= Task to complete =
Set down the lines below exactly as they stand, please. Go from the first through the one containing "Counting 3D spheroid".

= Records shown =
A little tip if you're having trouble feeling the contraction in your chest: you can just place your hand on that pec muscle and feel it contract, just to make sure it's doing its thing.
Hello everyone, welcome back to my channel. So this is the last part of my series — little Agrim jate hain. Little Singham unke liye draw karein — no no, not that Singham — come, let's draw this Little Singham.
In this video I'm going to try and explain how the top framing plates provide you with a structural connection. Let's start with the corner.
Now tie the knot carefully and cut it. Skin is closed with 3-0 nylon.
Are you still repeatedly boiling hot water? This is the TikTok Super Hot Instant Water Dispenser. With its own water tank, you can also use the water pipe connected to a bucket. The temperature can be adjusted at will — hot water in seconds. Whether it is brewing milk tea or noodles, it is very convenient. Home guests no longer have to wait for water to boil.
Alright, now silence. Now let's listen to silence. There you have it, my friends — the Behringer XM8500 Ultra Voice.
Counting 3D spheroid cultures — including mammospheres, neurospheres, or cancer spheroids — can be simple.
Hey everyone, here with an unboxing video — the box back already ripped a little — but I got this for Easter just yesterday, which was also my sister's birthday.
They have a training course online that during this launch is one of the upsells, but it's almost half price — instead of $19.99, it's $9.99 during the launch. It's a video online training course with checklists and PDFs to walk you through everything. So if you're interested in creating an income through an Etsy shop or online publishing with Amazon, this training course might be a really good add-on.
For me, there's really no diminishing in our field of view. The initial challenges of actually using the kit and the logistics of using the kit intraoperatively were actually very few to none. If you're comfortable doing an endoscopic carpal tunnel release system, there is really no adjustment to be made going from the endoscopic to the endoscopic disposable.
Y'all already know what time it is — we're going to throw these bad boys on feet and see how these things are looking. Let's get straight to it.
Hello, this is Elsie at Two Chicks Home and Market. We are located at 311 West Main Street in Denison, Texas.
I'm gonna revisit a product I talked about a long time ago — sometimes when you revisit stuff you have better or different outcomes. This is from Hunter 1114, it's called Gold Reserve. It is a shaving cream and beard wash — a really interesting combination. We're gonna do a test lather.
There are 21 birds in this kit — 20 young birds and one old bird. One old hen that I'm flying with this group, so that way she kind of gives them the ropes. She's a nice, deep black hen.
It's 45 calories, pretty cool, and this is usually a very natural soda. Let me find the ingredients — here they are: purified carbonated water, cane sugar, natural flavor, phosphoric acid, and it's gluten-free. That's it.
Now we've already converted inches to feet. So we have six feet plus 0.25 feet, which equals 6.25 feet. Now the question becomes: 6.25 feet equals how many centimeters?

= Answer section =
A little tip if you're having trouble feeling the contraction in your chest: you can just place your hand on that pec muscle and feel it contract, just to make sure it's doing its thing.
Hello everyone, welcome back to my channel. So this is the last part of my series — little Agrim jate hain. Little Singham unke liye draw karein — no no, not that Singham — come, let's draw this Little Singham.
In this video I'm going to try and explain how the top framing plates provide you with a structural connection. Let's start with the corner.
Now tie the knot carefully and cut it. Skin is closed with 3-0 nylon.
Are you still repeatedly boiling hot water? This is the TikTok Super Hot Instant Water Dispenser. With its own water tank, you can also use the water pipe connected to a bucket. The temperature can be adjusted at will — hot water in seconds. Whether it is brewing milk tea or noodles, it is very convenient. Home guests no longer have to wait for water to boil.
Alright, now silence. Now let's listen to silence. There you have it, my friends — the Behringer XM8500 Ultra Voice.
Counting 3D spheroid cultures — including mammospheres, neurospheres, or cancer spheroids — can be simple.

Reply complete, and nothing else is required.